Black Holes and Particle Accelerators

A general summary of the recent discussion of the existential threat from colliders, such as the LHC.

- The Large Hadron Collider is the latest shiny new particle accelerator in Europe, scheduled to come online in mid-2008. It will be able to collide protons at an energy of around 14 TeV, and heavy nuclei at much higher energies (over one thousand TeV).

- The high-energy collisions in the LHC might produce exotic new particles, such as microscopic black holes or stable strangelets. These particles could interact with regular matter and start a chain reaction, which wouldn’t stop until the Earth was destroyed.

- Particle physics is a multi-billion dollar field of research, employing thousands of people worldwide. If there is a possibility of existential risk from doing high-energy physics, it will be very difficult to mitigate this risk without clear evidence and a lot of lobbying power.
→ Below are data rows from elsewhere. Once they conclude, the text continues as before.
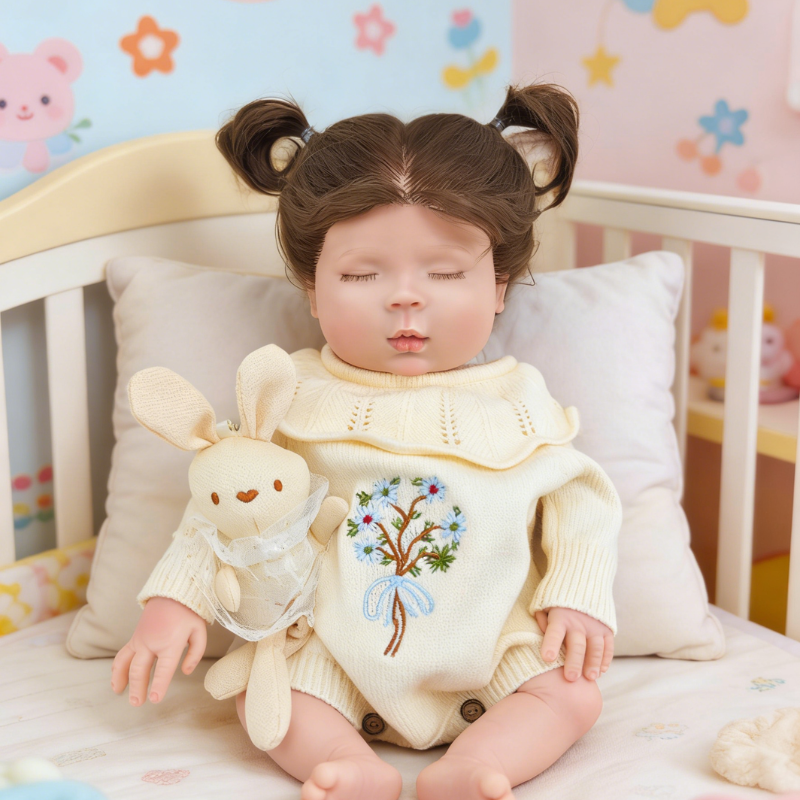 Puff Cute Sleeping Reborn Doll, Real Touch Newborn Toy, Gift & Collectible Doll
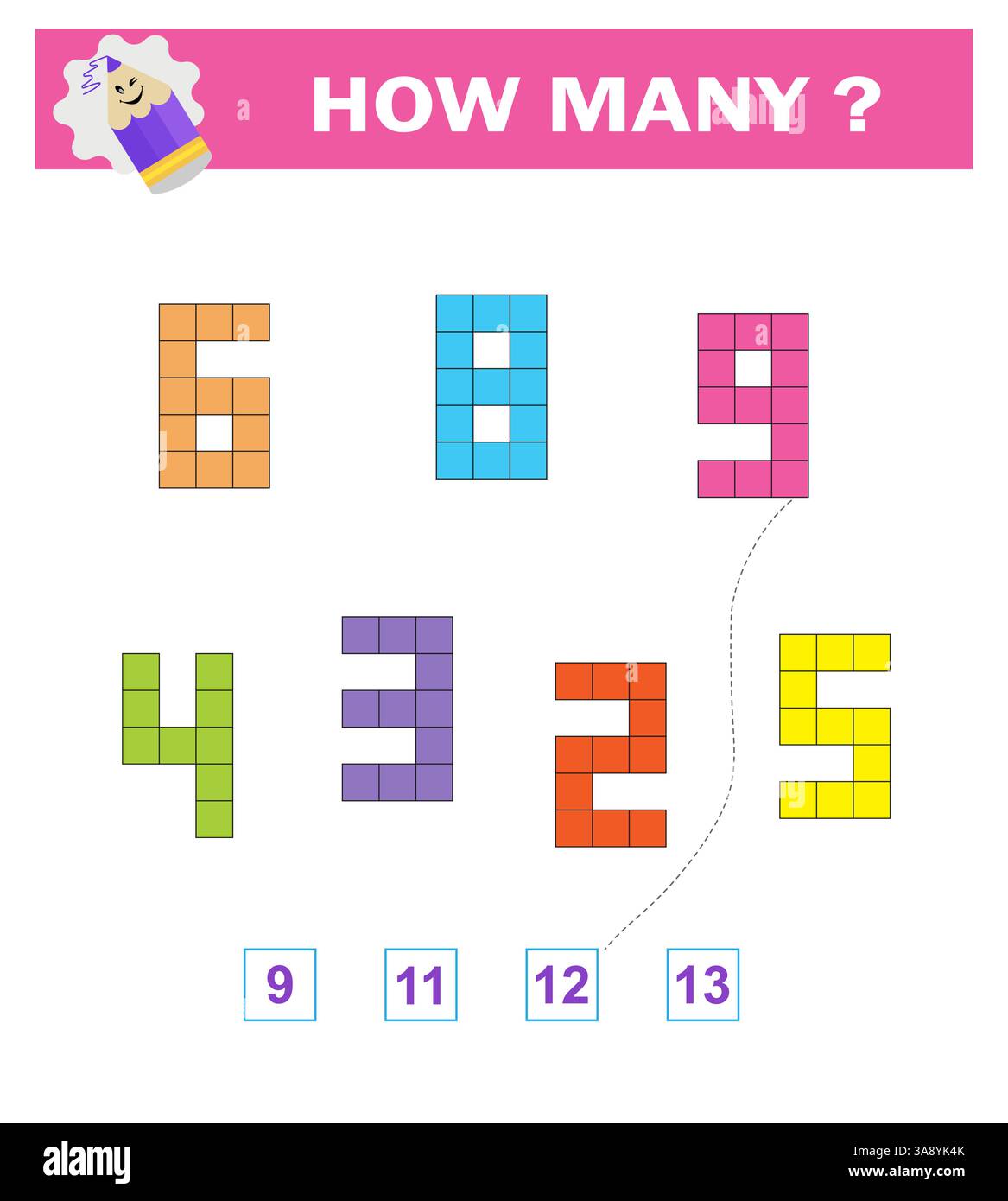 Gioco di matematica per bambini in età prescolare e scolare. Materiale educativo per bambini. Contare il numero di quadrati in ogni oggetto. Foglio di lavoro. Illustrazione vettoriale Illustrazione Vettoriale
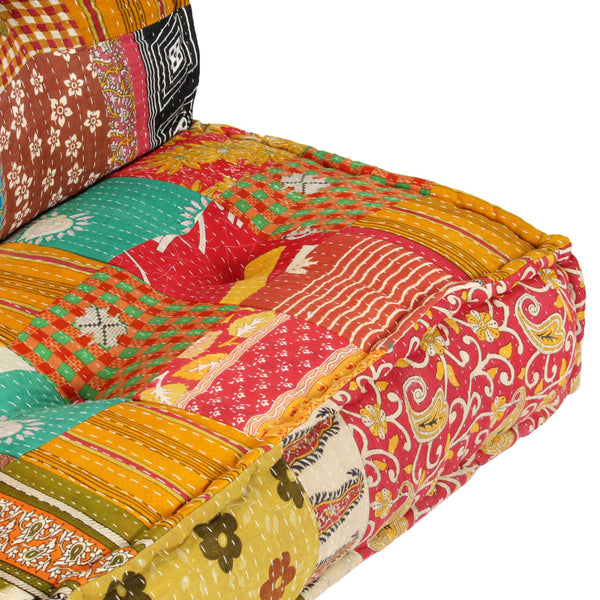 Pouffe 100X100x20 Cm Patchwork Fabric Ottomans Footstools & Poufs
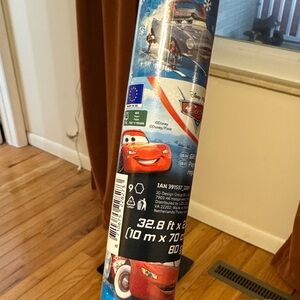 RARE Disney Cars Blue Gift Wrap (Christmas)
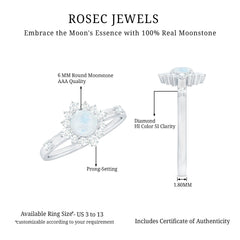 1 CT Round Moonstone and Diamond Halo Engagement Ring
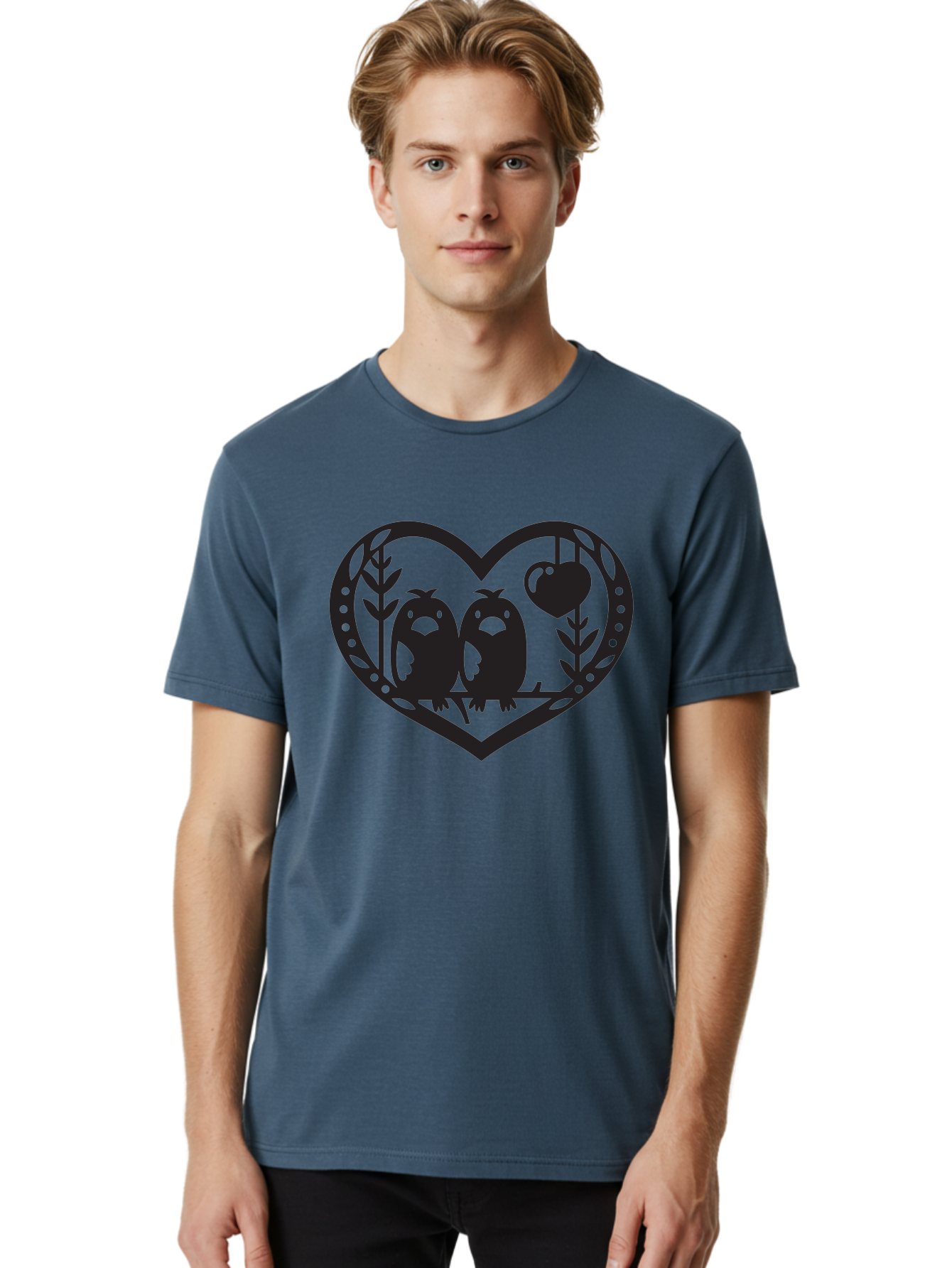 Love-Birds-1 Men'S Graphic Tee, 100% Cotton, Comfortable Casual Summer Wear, Machine Washable, Pair Of Birds Perched On Branch, Heart-Shaped Frame, Love Symbolism, Decorative Design, Minimalist Style, Simple Shapes, Cute Illustration, Aab291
-  Cosmic rays have been observed with energies in the 3*10^8 TeV range, which is five orders of magnitude larger than anything the LHC might produce. These cosmic rays have been bombarding us since the planet was formed four billion years ago, and so we know that they are not dangerous.

- Standard general relativity predicts that a black hole must have a minimum mass on the order of the Planck energy, or 2.4*10^15 TeV. Such a black hole would decay almost instantly, and could not even be directly measured (it would decay before other particles could interact with it, much like the top quark). A black hole with a lifetime of one nanosecond, under general relativity, requires a total energy of 1.3*10^26 TeV, or around five thousand megatons of TNT.

- We know that general relativity breaks down at the quantum scale; however, we don’t have a good theory of quantum gravity that can predict where it breaks down. Some theories predict that general relativity breaks down very quickly at the quantum scale, and black holes with a mass in the TeV range should last around 10^-26 seconds, rather than the 10^-90 seconds predicted by standard theory. If this holds, the LHC could produce and detect miniature black holes, although they will be far too short-lived to represent a threat.

-  Although cosmic rays are similar to LHC collisions, there are some differences; a cosmic ray has net momentum relative to the Earth, while a proton collision does not. Cosmic rays also collide with nitrogen or oxygen atoms in the upper atmosphere, while LHC protons collide only with each other.

- If black holes are generated by cosmic ray collisions, they must be incapable of eating an entire planet or star. If a star was eaten by a black hole, the matter of the star would heat up, creating a huge radiation source with a unique spectral signature. No such sources have been observed, in this galaxy or any other one.